2011/2/22の野村万之介先生を偲ぶ会@ホテルフロラシオン青山のボチボチ報告の8回目。(これまでのは、報告1報告2報告3報告4報告5報告6報告7

亀井師、同級生のお話の披露の後、いよいよ小林責先生(以下責先生)のお話と献杯。
責先生は、今年創部60周年を迎える早稲田狂言研の一期生。中々辛口の話から始まりました。若い頃の先生の芸は「覇気が無い」「もどかしい」と言い、萬・万作の兄二人がスパルタ教育だったのに比べ、万之介先生は三番叟を披いた歳が29歳と大分遅れていたことや父六世万蔵師が可愛がりすぎて、老人の芸を教えてしまったからではないかと思っていたそうです。

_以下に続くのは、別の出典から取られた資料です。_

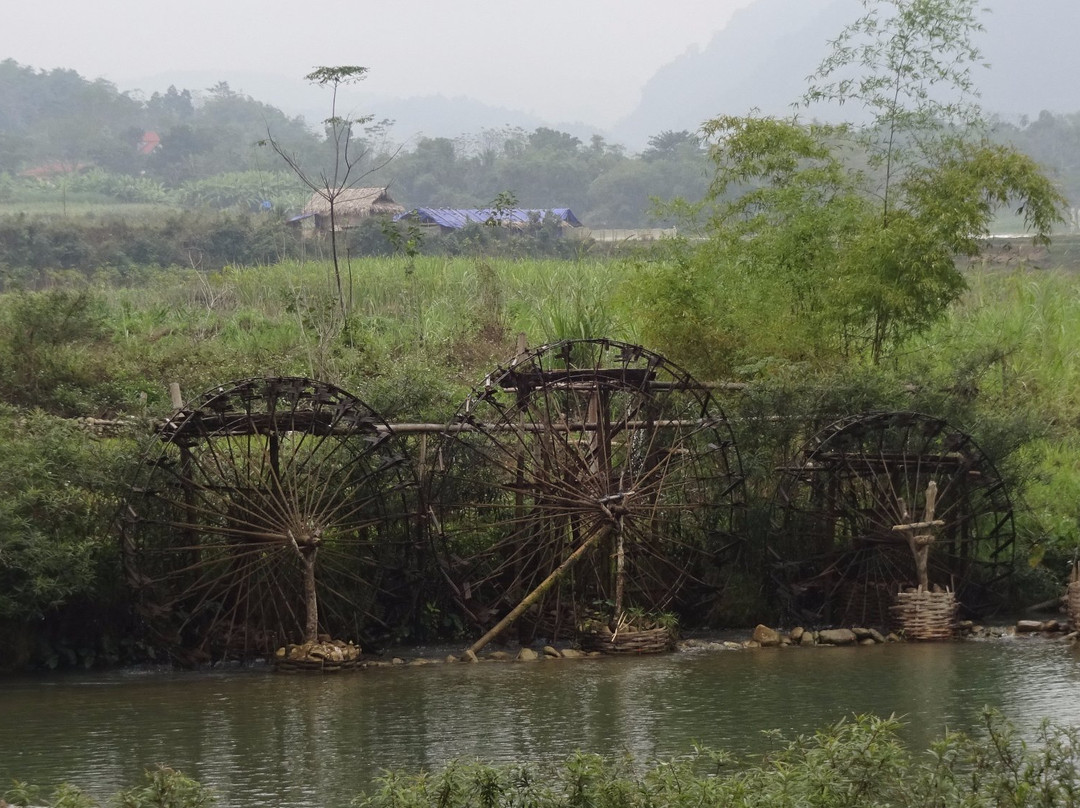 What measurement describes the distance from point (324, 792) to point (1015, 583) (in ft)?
32.1

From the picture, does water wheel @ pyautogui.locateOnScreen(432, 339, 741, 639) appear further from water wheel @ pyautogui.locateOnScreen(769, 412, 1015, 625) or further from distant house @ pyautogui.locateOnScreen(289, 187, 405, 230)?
distant house @ pyautogui.locateOnScreen(289, 187, 405, 230)

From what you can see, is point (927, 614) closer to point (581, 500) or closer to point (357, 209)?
point (581, 500)

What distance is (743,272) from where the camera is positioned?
17906 mm

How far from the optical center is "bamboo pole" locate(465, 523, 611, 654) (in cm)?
1377

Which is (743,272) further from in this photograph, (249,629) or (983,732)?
(983,732)

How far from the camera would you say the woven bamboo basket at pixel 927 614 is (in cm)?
1434

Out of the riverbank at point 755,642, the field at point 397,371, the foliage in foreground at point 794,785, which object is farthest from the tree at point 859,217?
the foliage in foreground at point 794,785

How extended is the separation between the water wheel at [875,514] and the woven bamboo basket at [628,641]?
1.80 m

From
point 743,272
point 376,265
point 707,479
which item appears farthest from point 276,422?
point 376,265

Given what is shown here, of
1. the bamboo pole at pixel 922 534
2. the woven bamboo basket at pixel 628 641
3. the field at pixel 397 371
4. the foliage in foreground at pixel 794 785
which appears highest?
the field at pixel 397 371

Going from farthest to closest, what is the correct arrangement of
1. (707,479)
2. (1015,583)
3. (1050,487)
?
(1050,487) < (1015,583) < (707,479)

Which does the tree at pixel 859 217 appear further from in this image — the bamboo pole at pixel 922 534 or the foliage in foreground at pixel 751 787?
the foliage in foreground at pixel 751 787

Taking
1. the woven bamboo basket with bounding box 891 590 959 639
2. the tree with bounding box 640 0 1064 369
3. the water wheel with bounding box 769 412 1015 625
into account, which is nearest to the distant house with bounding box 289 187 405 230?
the tree with bounding box 640 0 1064 369

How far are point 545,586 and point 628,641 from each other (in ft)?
3.09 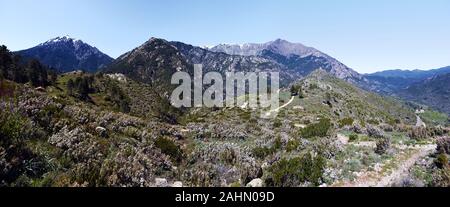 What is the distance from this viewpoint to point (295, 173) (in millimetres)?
16844

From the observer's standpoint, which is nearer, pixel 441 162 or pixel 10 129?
pixel 10 129

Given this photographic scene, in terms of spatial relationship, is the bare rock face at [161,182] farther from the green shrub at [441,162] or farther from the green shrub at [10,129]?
the green shrub at [441,162]

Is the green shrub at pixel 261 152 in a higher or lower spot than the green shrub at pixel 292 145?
lower

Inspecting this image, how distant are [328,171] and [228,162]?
551 centimetres

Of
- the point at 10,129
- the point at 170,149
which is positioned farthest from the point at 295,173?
the point at 10,129

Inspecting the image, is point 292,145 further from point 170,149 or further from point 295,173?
point 170,149

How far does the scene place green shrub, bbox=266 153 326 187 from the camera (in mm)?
16406

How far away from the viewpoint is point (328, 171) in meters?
17.6

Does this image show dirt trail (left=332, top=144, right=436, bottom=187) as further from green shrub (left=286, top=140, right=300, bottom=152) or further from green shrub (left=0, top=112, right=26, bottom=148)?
green shrub (left=0, top=112, right=26, bottom=148)

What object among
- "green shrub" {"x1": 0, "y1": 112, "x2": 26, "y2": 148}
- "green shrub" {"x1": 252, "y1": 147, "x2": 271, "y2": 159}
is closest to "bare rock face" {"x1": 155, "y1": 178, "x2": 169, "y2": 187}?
"green shrub" {"x1": 0, "y1": 112, "x2": 26, "y2": 148}

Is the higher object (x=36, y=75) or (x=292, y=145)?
(x=36, y=75)

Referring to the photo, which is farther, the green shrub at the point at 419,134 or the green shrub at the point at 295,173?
the green shrub at the point at 419,134

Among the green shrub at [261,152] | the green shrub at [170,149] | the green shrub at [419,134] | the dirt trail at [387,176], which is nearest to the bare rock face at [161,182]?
the green shrub at [170,149]

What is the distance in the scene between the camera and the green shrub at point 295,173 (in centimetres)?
1641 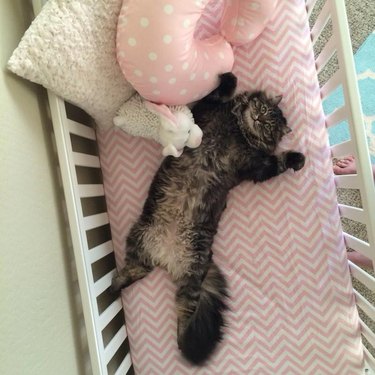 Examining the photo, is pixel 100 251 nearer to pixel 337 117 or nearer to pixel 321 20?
pixel 337 117

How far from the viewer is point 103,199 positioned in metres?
1.42

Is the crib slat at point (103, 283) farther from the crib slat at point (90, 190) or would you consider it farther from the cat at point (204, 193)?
the crib slat at point (90, 190)

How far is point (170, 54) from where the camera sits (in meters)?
1.05

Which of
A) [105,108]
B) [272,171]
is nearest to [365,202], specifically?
[272,171]

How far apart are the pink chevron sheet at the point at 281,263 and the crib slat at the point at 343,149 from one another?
3 centimetres

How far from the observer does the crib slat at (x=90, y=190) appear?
1202mm

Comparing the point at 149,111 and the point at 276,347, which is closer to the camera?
the point at 149,111

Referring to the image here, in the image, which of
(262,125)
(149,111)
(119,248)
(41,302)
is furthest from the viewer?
(119,248)

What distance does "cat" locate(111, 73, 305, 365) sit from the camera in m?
1.26

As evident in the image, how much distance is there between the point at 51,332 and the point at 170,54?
0.74 meters

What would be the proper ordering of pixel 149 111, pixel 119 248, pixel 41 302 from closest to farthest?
pixel 41 302 < pixel 149 111 < pixel 119 248

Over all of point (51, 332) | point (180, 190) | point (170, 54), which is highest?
point (170, 54)

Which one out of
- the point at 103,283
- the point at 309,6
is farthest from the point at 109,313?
the point at 309,6

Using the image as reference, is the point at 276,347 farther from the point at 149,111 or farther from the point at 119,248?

それが60歳になった頃、万之介狂言の会が10回目を迎えた頃から、良くなったと感じたそうです。老人の芸が等身大に、実年齢に追いついて来たからなんだと分かったそうです。そんな中、第17回の万之介狂言の会で川上のシテ(アドは万作師)について、凄く良いと感じ手紙を万之介先生に送り、その時の万之介先生の反応が、

「どうだ、分かったか!」

と電話で寄越したとか。

如何にも万之介先生らしい。。。良いねぇ。

それと、シテを喰わないいい狂言をしたという話もされてました。
これが重要なんですよねぇ。狂言を壊さないのがね。

思えば、稽古でもアドがガリガリやると「壊れる」と言うのと同時に、舞台が終わった後は、「今年は辛抱したのだから来年はもっと良い役をやろうな」と言うようなことも仰ってくれてましたねぇ。三兄弟でいつも長袴の主ばかりで、鬱屈していたことが多かったんだと思います。

☆ ★ ☆

偲ぶ会の報告シリーズはもう暫く続きます。